September 5, 2002

SELFISH-GOVERNMENT:

Self-government? (Paul Cella)
In the first paragraph of The Federalist, Publius unfurls the tremendous central inquiry of that great work of political philosophy:

It seems to have been reserved to the people of this country to decide, by their conduct and example, the important question, whether societies of men are really capable or not, of establishing good government from reflection and choice, or whether they are forever destined to depend, for their political constitutions, on accident and force.

Reflection and choice. This could be designated The American Question, for it is the quintessence of American political philosophy: the question of self-government. Enshrined it is also, in the thunderous first words of our own Constitution, to the defense of which Publius lent his energetic pen: We, the People. The remarkable but too infrequently remarked political philosopher Willmoore Kendall would have emended it, with all the pregnancy of the term, to read, "We, the virtuous people." But that is a digression. The American Question can be stated thusly: Is a large and diverse republic of self-governing people an enduring proposition?

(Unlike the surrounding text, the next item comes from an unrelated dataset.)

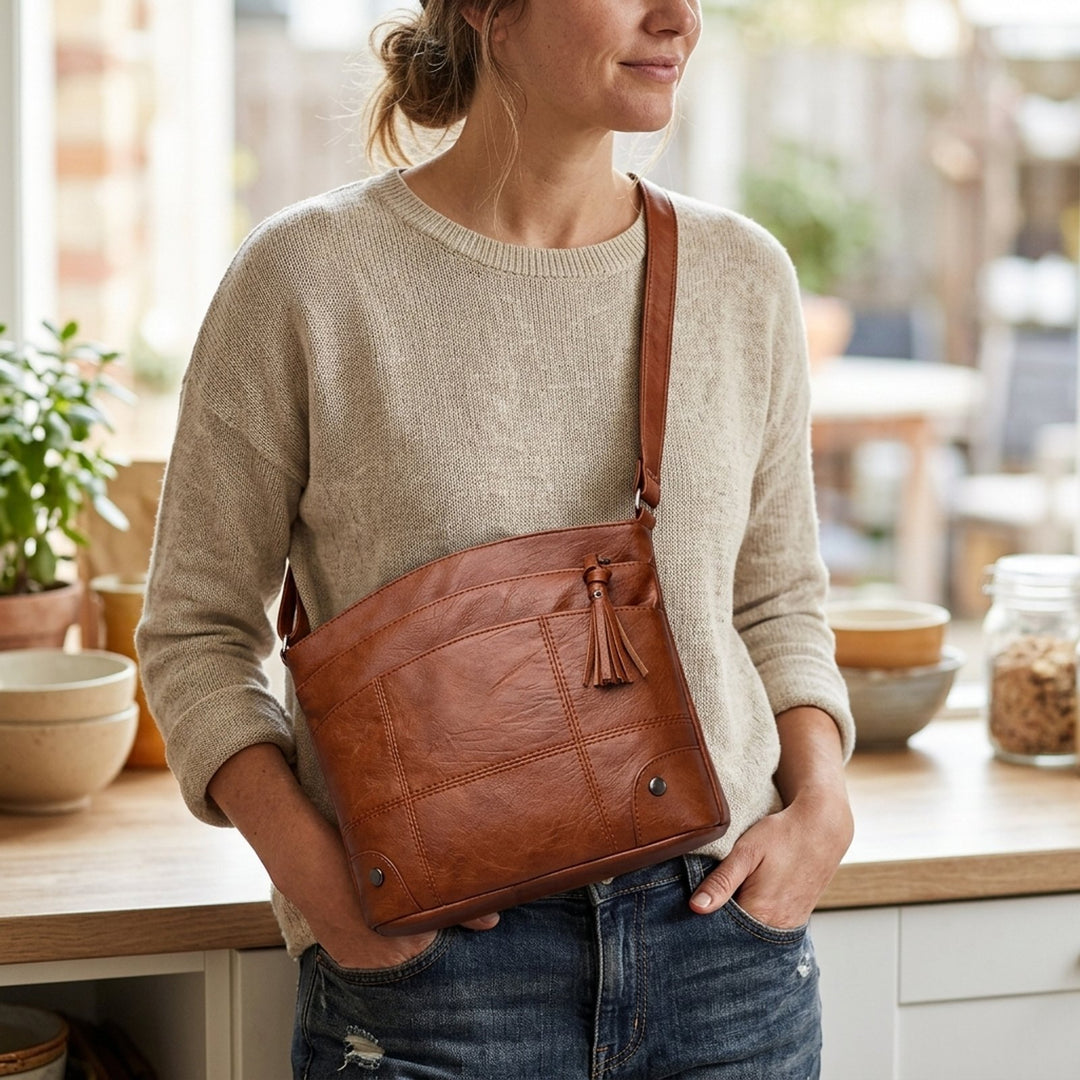 Helen™ – Sømmet Crossbody Bag med Justerbar Stropp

I would contend that 225 years on, the answer is still not obvious. [..

Everywhere self-government is in retreat, assailed by collectivist forces and harried by creeping nihilism which deprives its traditions and institutions of vitality. The Citizen, the basic unit of self-government, once buttressed by these traditions, is being transformed once more into the Subject, deracinated from his moral and spiritual bearings, bereft of all the thick and unspoken, often unperceived, ballast which steadies him in this tumultuous world. Where once tradition and richness formed the panoply of tough and supple defenses for the individual against the world, now we see those defenses failing, with only the state to replace them, or the corporation, which either apes the state or falls before it. The Subject replaces the Citizen, even as his eyes are clouded and his weapons of resistance and counterstrike dulled by the bounty of economic plentitude and the intoxicating narcotics of modern mass entertainment. I do not say that the rout or even the slow dissolution ending in defeat of self-government is imminent, for there are hopeful signs lurking about in unpredictable places, and always the ways of the Lord are mysterious; but as I am in a sour mood, I must confess to sympathy with the words of Salvianus as the Fall of Rome neared: "The Roman Empire is luxurious but it is filled with misery. It is dying but it laughs." The American Question remains an open one.


One only wishes that Mr. Cella was right and that the Death of the West was occurring because of external forces, that the people were being deprived, against their will, of the power of self-government. Sadly though, what we see at work here is exactly the problem that conservatism has predicted for some two hundred years now will strangle democracy, that the eventual failure of republican virtue in the people themselves must lead them to exchange freedom for security and a tyranny of the majority.